R. J. Saunders & Co. v. United States

Mollison, Judge:

The merchandise the subject of these protests consists of keyrings. As they appear before us in evidence, by representation of the imported articles, exhibit 1 consists of a snap keyring only, while exhibit 2 consists of a snap keyring, to which a miniature auto emblem is attached by a short length of chain. Both items were assessed with duty at the rate of 65 per centum ad valorem under the provision in paragraph 1527 (c) (2) of the Tariff Act of 1930, as modified by the Presidential proclamation relating to the General Agreement on Tariffs and Trade, T. D. 51802 and T. D. 51898, for—

Articles valued over 20 cents per dozen pieces, designed to be worn on apparel or carried on or about or attached to the person, such as and including buckles, cardcases, chains, cigar cases, cigar cutters, cigar holders, cigar lighters, cigarette cases, cigarette holders, coin holders, collar, cuff, and dress buttons, combs, match boxes, mesh bags and purses, millinery, military and hair ornaments, pins, powder cases, stamp cases, vanity cases, watch bracelets, and like articles; all the foregoing and parts thereof * * *, finished or unfinished: * * * Composed wholly or in chief value of metal other than gold or platinum * * * Valued at not *250above $5 per dozen pieces or parts: * * * Other [than certain specified articles and parts] * * *.

They are claimed to be entitled to classification under the provision in paragraph 397 of the same act, as modified by T. D. 51802, for — ■

Articles or wares not specially provided for, whether partly or wholly manufactured * * * Composed wholly or in chief value of iron, steel, lead, copper, brass, nickel, pewter, zinc, aluminum, or other metal (not including platinum, gold, or silver), but not plated with platinum, gold, or silver, or colored with gold lacquer: * * * Other [than certain named articles] * * * 22}i% ad val.

The case has been submitted for decision upon a stipulation of counsel to the effect—

(1) that the articles in issue are composed of base metal, not plated with platinum, gold, or silver, and not colored with gold lacquer;
(2) that exhibit 1 is a type of keyring used to retain keys and that the ring on exhibit 2 is also used to retain keys ;
(3) that both exhibits 1 and 2 are designed to be carried on or about the person, that is, in the pocket or in ladies’ handbags, and are so carried (and, in so stipulating, counsel for the plaintiff specifically pointed out that he was not to be understood as conceding that the articles at bar are such as or similar to the exemplars enumerated in the paragraph), and
(4) that the articles are worth over 20 cents per dozen pieces.

Plaintiff relies upon the decision of our appellate court in the case of United States v. Kress & Co., 13 Ct. Cust. Appls. 66, T. D. 40885, as dispositive of the issue. That case involved keyrings described as “heavy steel key rings attached to steel snap hooks having leather loops,” and it was held by the court that such keyrings were not classifiable under the provisions of paragraph 1428 of the Tariff Act of 1922, the predecessor, in substantially the same language, of paragraph 1527 (c) (2), of the present act, supra.

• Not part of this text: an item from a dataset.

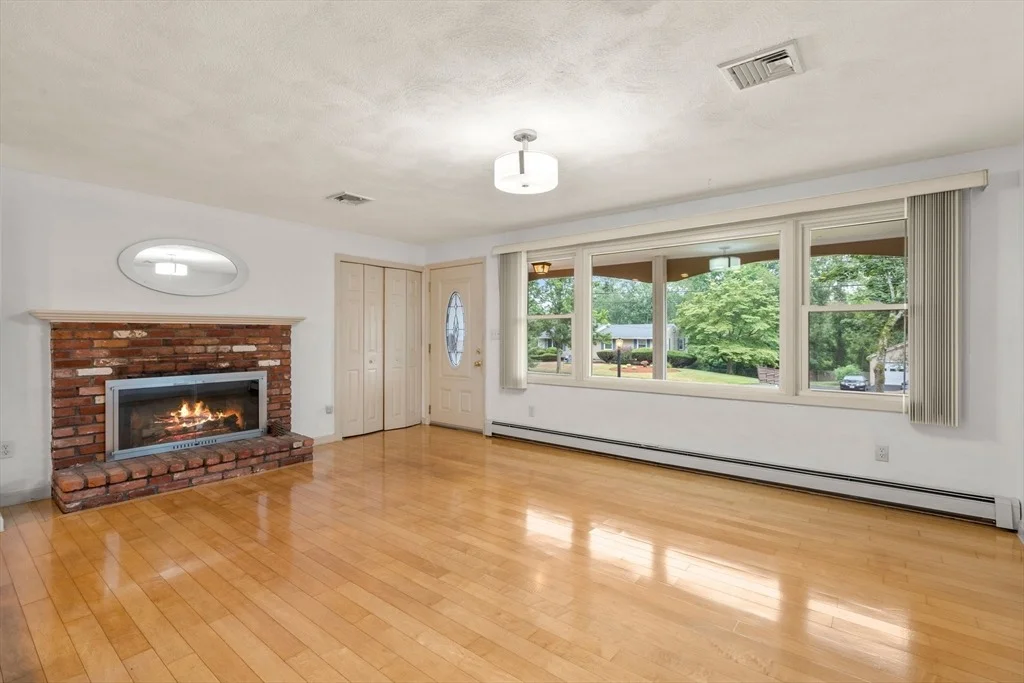 Photo of 6 Paulette Dr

In reaching its conclusion in that case, the court made two findings: (1) That steel keyrings are not specially designed to be carried on or about the person, and (2) that steel keyrings are not like the exemplars named in paragraph 1428, Tariff Act of 1922, which are substantially the same as those named in paragraph 1527 (c) (2) of the Tariff Act of 1930.

In developing the first finding, the court, speaking through Judge Smith, pointed out that even though keyrings were suitable to be carried on or about or attached to the person, they were not designed or made for that purpose, presumably meaning that their use partook of the character and nature of the keys which were held on them and which were used, not when carried on or about or attached to the person, but in opening and closing locks away from the person. Also, it would appear that the design and use of keyrings to hold keys exists whether or not the rings are carried on or about the person, so *251that it cannot be said that they were primarily designed to be carried on or about or attached to the person; they were primarily designed to retain keys, wherever they might be. There is no feature about them which, in any way, connects them to carriage on or about or attached to the person, as was the case of the key chains covered by the case of United States v. Kastor & Bros., 15 Ct. Cust. Appls. 118, T. D. 42191, which had a piece of leather, with a buttonhole cut in it, permanently attached to the chain.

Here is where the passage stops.